At that point the analogy I have suggested from the outset would have come to full fruition: Athens' Syracuse expedition. Like the Syracuse expedition, a victory in Iraq would have given America little in the war against its real enemies, Islamic non-state forces. But a defeat that resulted in the loss of an entire army would be a catastrophe.
Unfortunately, the only Syracuse expedition most neocons will know about was a college road trip to some school in upstate New York. Take it from me, guys: the hangover this time could be a whole lot worse.

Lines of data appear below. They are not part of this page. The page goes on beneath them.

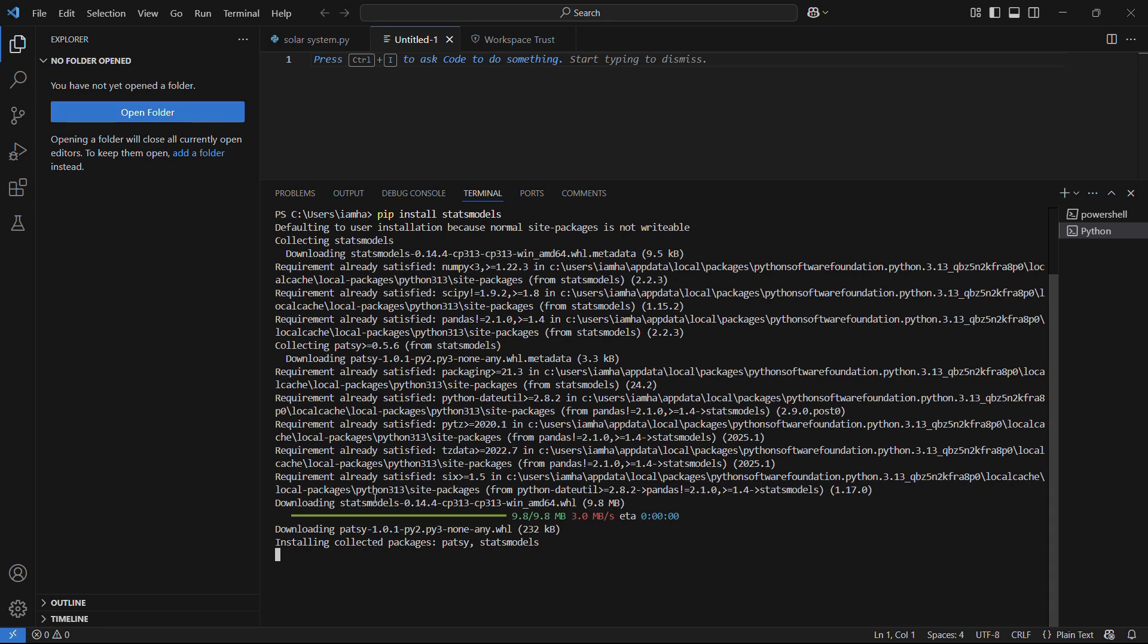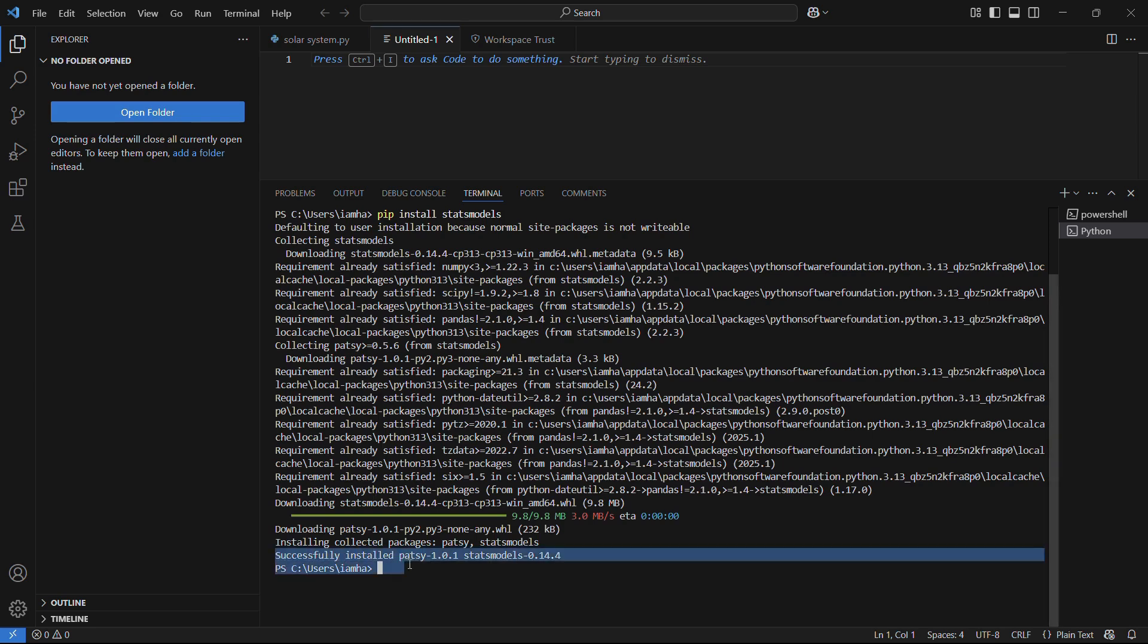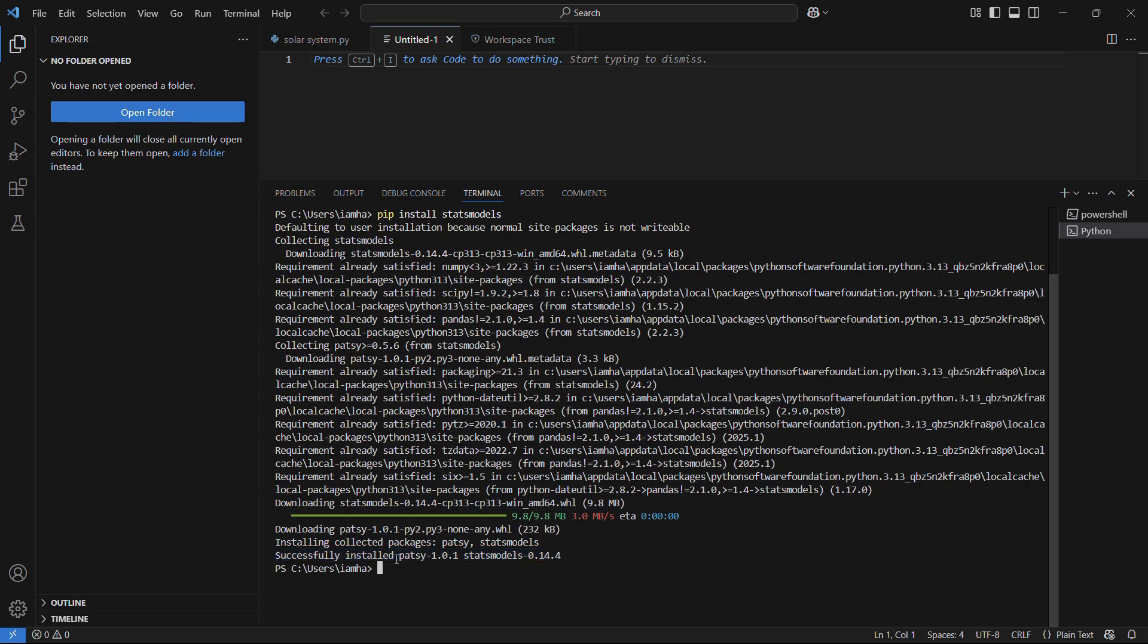So let's wait for the same. And here you can see that after the installation phase, we can see this message which says successfully installed statsmodels version 0.14.4, along with another package which is patsy, which is a requirement for this particular library.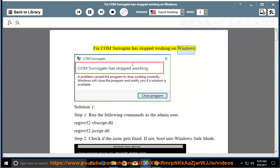FIXCOM surrogate has stopped working on Windows. Solution 1, Step 1: Run the following commands as the admin user.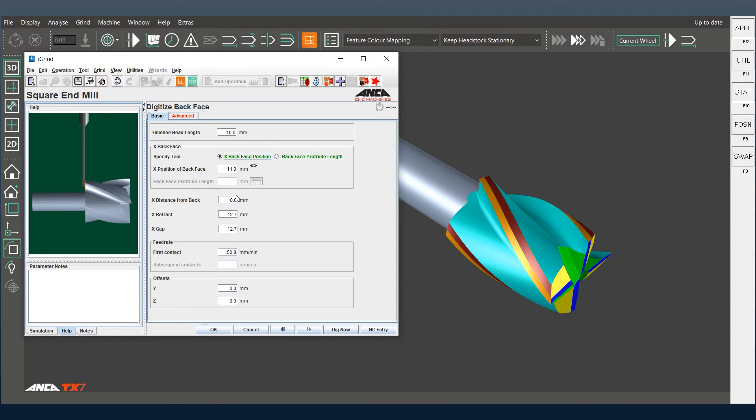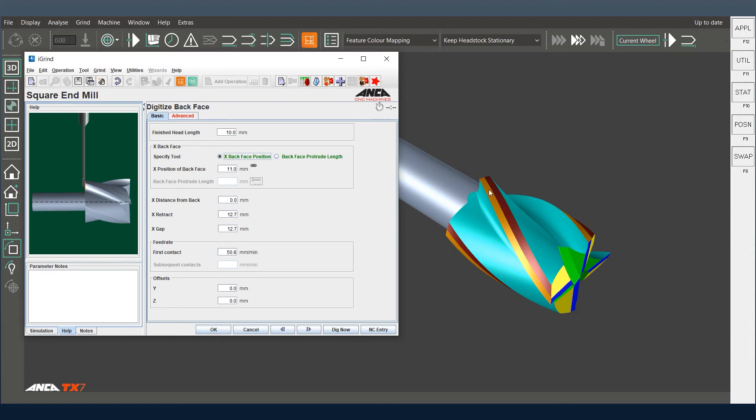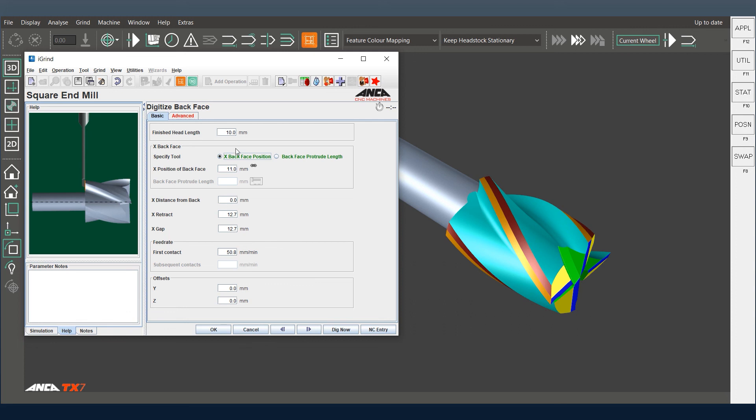If you are using a side and face cutter or any kind of T-slot cutters or anything, this operation becomes handy when you want to do both front end grinding or back face grinding and maintain the head length from the back instead of the front. This is where this digitize back face operation comes in handy.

What he's talking about is a repeat of the Chinese intervention of 1950, a scenario I have raised for months. He uses Syracuse, but the spectre he's creating is one of Chosin.(On the night of November) 28, 6 Chinese divisions attacked the 1st Marines in the area of the Chosin Reservoir. However hard the Marines might fight, they were outnumbered 6-1 or more. The Chinese attacked both at the head of the American lines and 35 miles behind. The Marines thus were forced to fight their way southward and towards the coast. The Marines first fought their way to Hawkawoo-ri, at the south end of the reservoir. Casualties were very heavy, but the battle did not end there. The troops then had to fight their way south. (Marine Gen.) Smith stated: "Gentlemen, we are not retreating, we are merely attacking in another direction." It took the Marines 13 days of heavy fighting to reach the coast. There. they and tens of thousands of North Korean civilians were evacuated to the coast.
I worry less about a destruction of the US Army than a brutal fighting retreat to Kuwait and Turkey. The scale of the disaster would dwarf Chosin because of the loss of billions of modern equipment. The policy defeat would be catastrophic as well. The Europeans clearly would be the dominant power in the Middle East for at least a decade.